The Amshinever Rebbe and the Land of Israel

A hassidic Rebbe's words came to pass in the re-established Jewish State.

Rochel Sylvetsky,

Rochel Sylvetsky
Rochel Sylvetsky
Rochel Sylvetsky

He stood at my living room picture window on his first trip from Canada to our home, gazing at the beautiful panoramic view it afforded of Jerusalem and the verdant valley separating our neighborhood from the growing city. Tears streamed down his face as he said "now I understand, now I understand."

And then he explained.

My learned brother-in-law, Mordechai z"l (whose yahrzeit is on the 4th of Iyar, IDF Memorial Day) - or as my late father called him "Mordcheh"- the person standing at my window, was a soft spoken, gentle and sensitive man who had spent the years of the  Second World War in Shanghai, China and was now a businessman in Canada who learned Torah every spare minute and raised a G-d fearing, loving family.

By now, a good many books and films have been written and produced about the encapsulated aspect of Holocaust history that took place in China, where thousands of Jews found refuge, among them Mordechai's parents and their son and daughter and where they were completely cut off from news about the horror of what was happening to the Jews in Europe.

Anyone who had passage on a ship could leave Europe in the early days. The problem, as ever, was where Jews would be allowed to disembark and Shanghai was one of the few, if never before considered, places that accepted the fleeing refugees. That, too, is a story worth reading about. Conditions were far from easy, but a haven it was, and he often told me picturesque stories about life in the Chinese city where, as he said with wry humor, if the watermelon in the market was heavy, it was probably because water – not sterile, to put it mildly – had been injected into it.

In early 1941, seizing the opportunity to escape, the rabbis and students of the Mir Yeshiva who had already left their original location (a miraculous story in itself) , traveled as a group across the Soviet Union to Japan and also went on to Shanghai, where they spent the war years without contact with European Jewry. Due to this extreme move, however, Mir was the only eastern European yeshiva to survive the Holocaust intact.
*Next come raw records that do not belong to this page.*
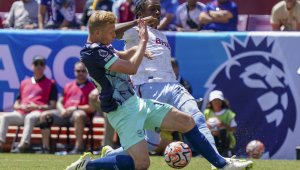 Интересно! Барса ще пазарува от....Хъл Сити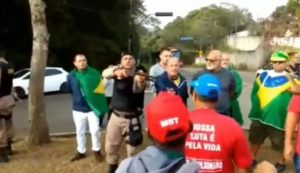 PM aponta arma para grupo do MST que aguardava Lula em Juiz de Fora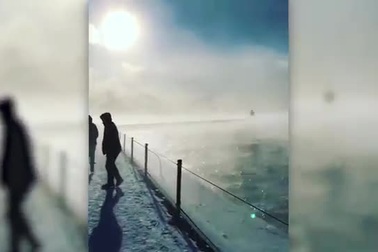 Nước bốc hơi từ mặt hồ do nhiệt độ ngoài trời quá lạnh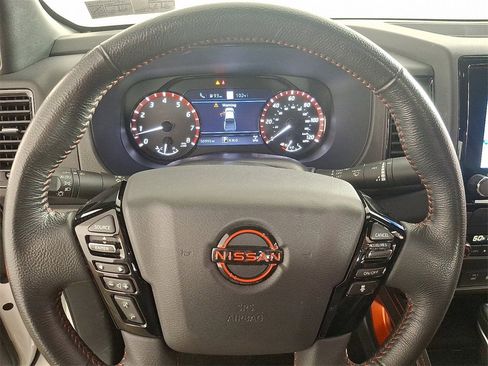 Used 2022 Nissan Frontier PRO-4X w/ Technology Package image 21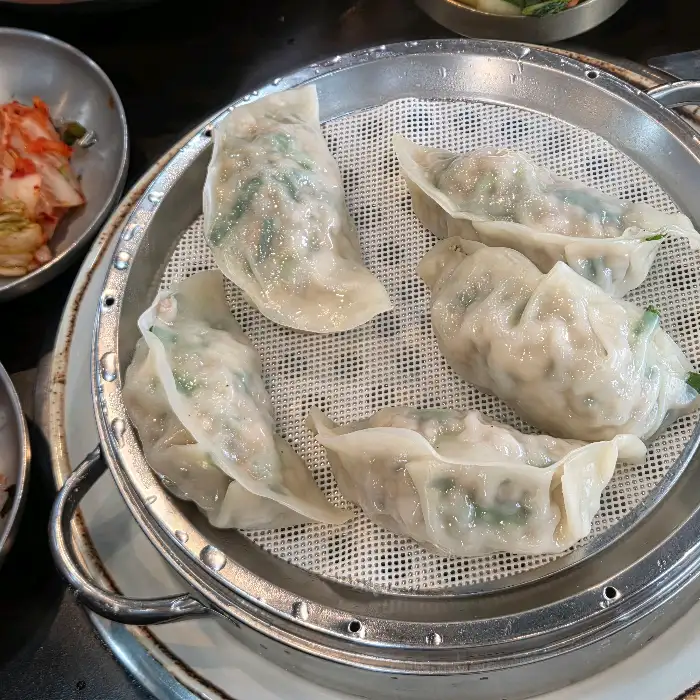 먹음직스러운 수제 만두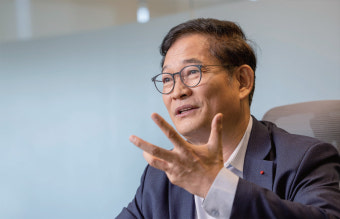 [직격 인터뷰] 여의도에서 퇴장당한 송영길, 정치 재기 노린다?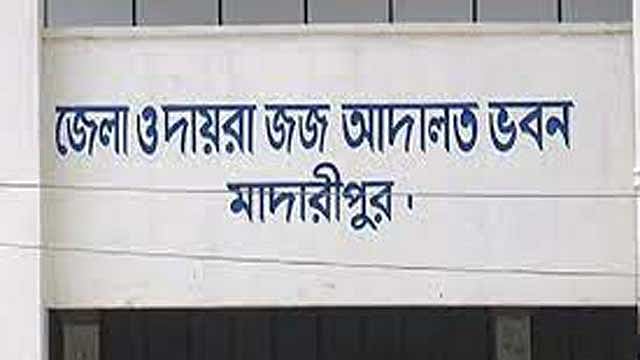 জজের গাড়িচালককে মারধরে মামলা, ম্যাজিস্ট্রেটকে আদালতের সমন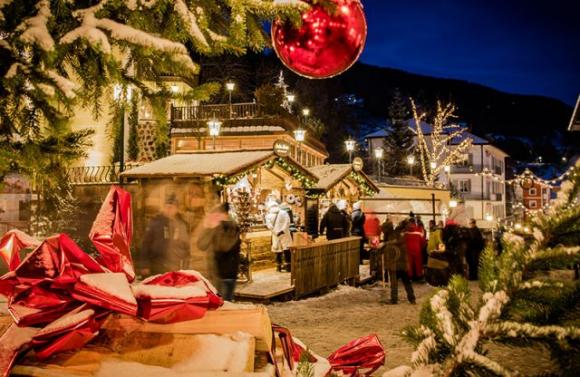 Il cocktail perfetto da bere durante le feste in base al tuo segno zodiacale
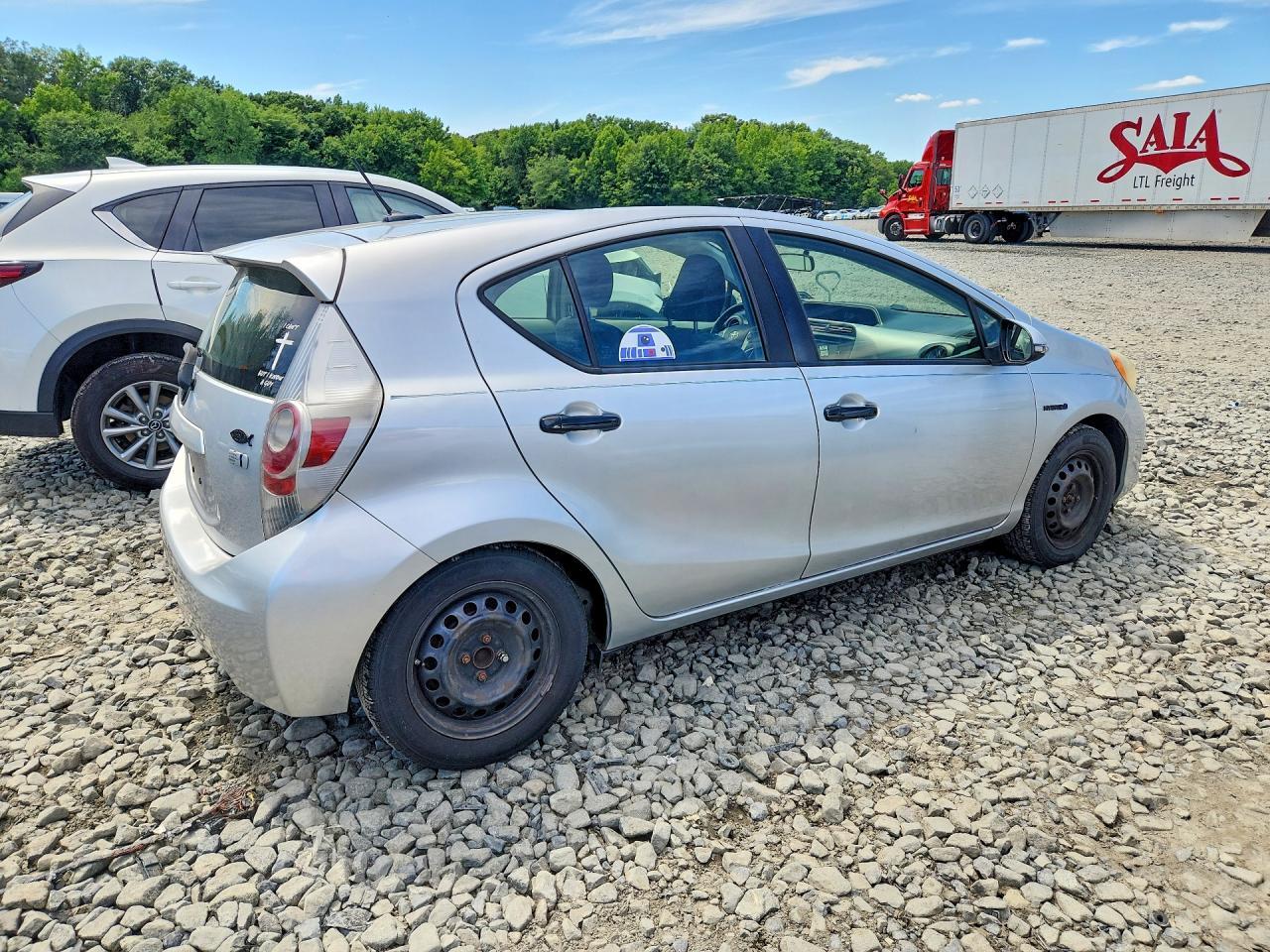 2012 TOYOTA PRIUS C THREE — Фото 3 из 12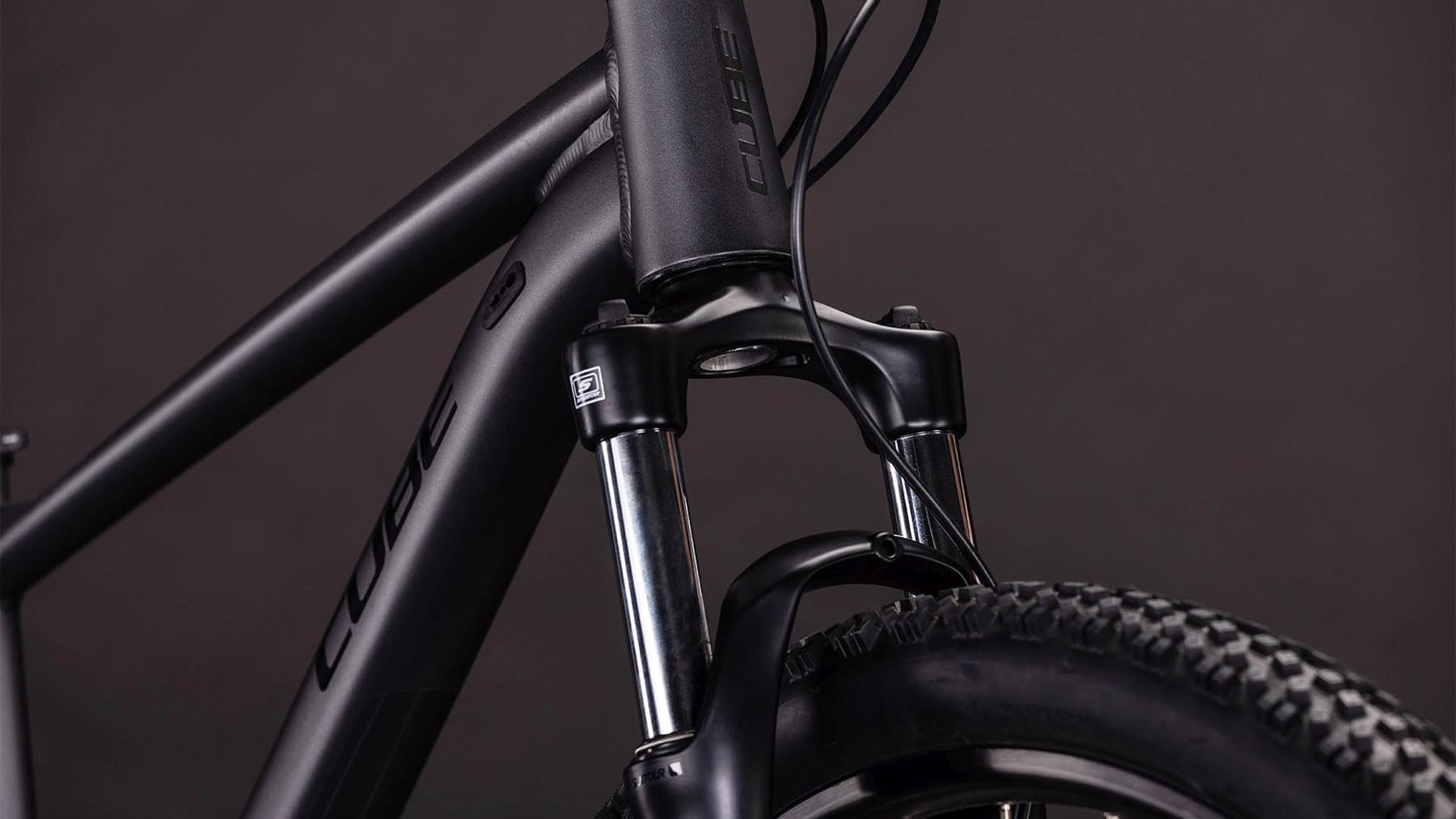 140200-Cube-Aim-Pro-slateblack-n-black-2026-Hardtail-Mountainbike-04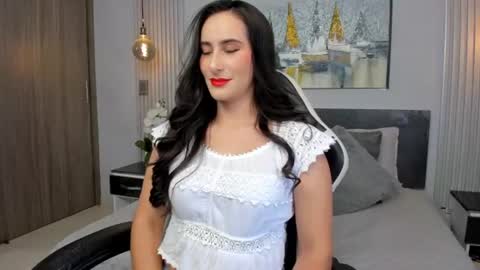 Snapshot of saragomez_1 chatting on June 14, 12:29 pm Sara Gomez online show from June 14, 12:29 pm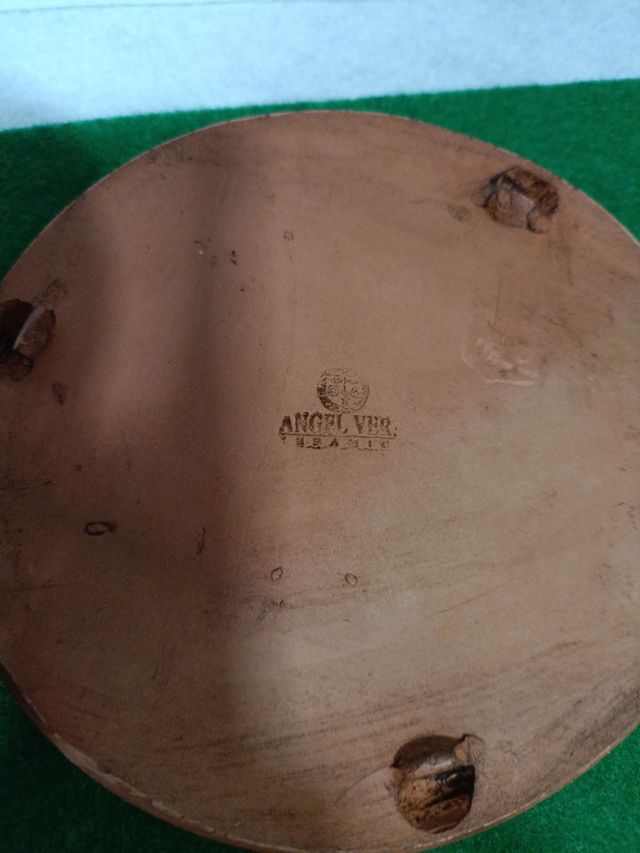 Caja barro cocido y esmalte con elefante.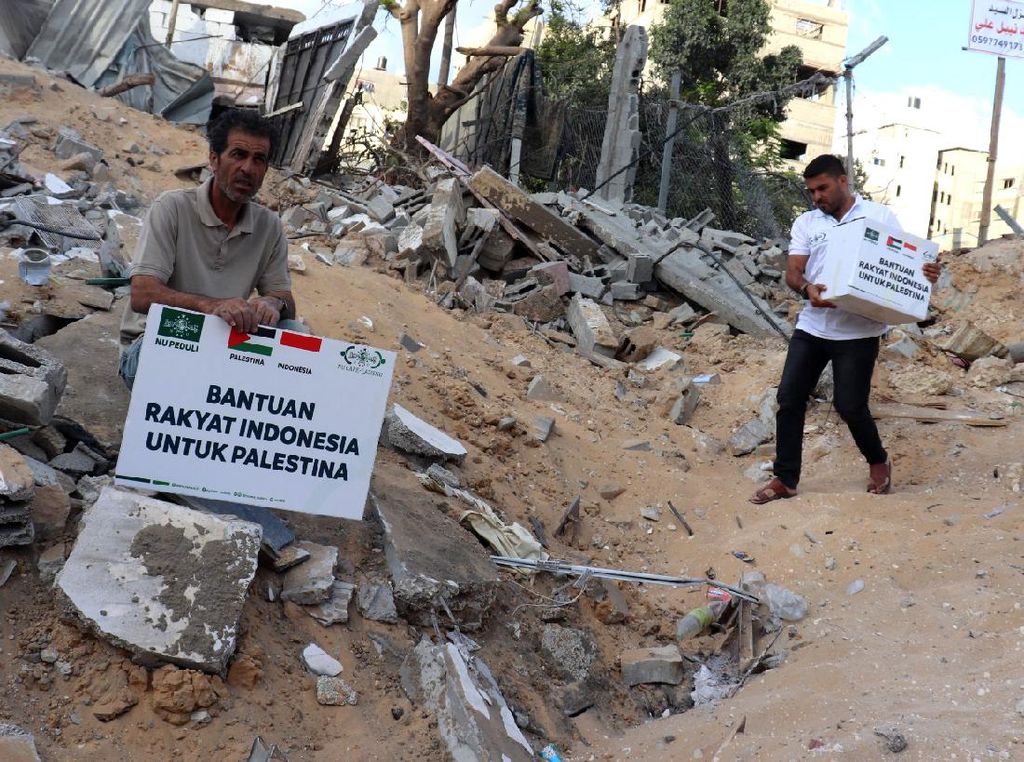 Bantuan Kemanusiaan untuk Palestina Terus Mengalir Bantuan Kemanusiaan untuk Palestina Terus Mengalir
 "I, a young bachur (man), went to the Roshei Yeshiva, was accepted and learned there through the war years. It was the formative experience of my entire life – as a yeshiva should be – but a very special one, because we were all very close and I was exposed daily to the great minds and deep faith of the Torah luminaries there, such as Rav Chaim Shmulevich, zt"l.

"And then the war ended," he continued. "And a few days later, someone burst into the dedication of a new synagogue which we were attending (the yeshiva itself studied in the Beth Aharon Synagogue built by a wealthy Sephardic Jew, as that community warmly welcomed its students) and shouted that millions of Jews had been murdered by the Nazis in Europe."

I don't remember the exact words Mordechai told us that person had used or how much he was able to tell in those few electrifying minutes, but Mordechai said that total silence fell in the ordinarily noisy Beit Midrash.

"No one could get out a word, the shock was so great. Utter silence. You could have heard a pin drop.

"And then, the Amshiniver Rebbe, who was with the yeshiva throughout the war, stepped up to the Bima and said three words: "Vechiper admaso amo."  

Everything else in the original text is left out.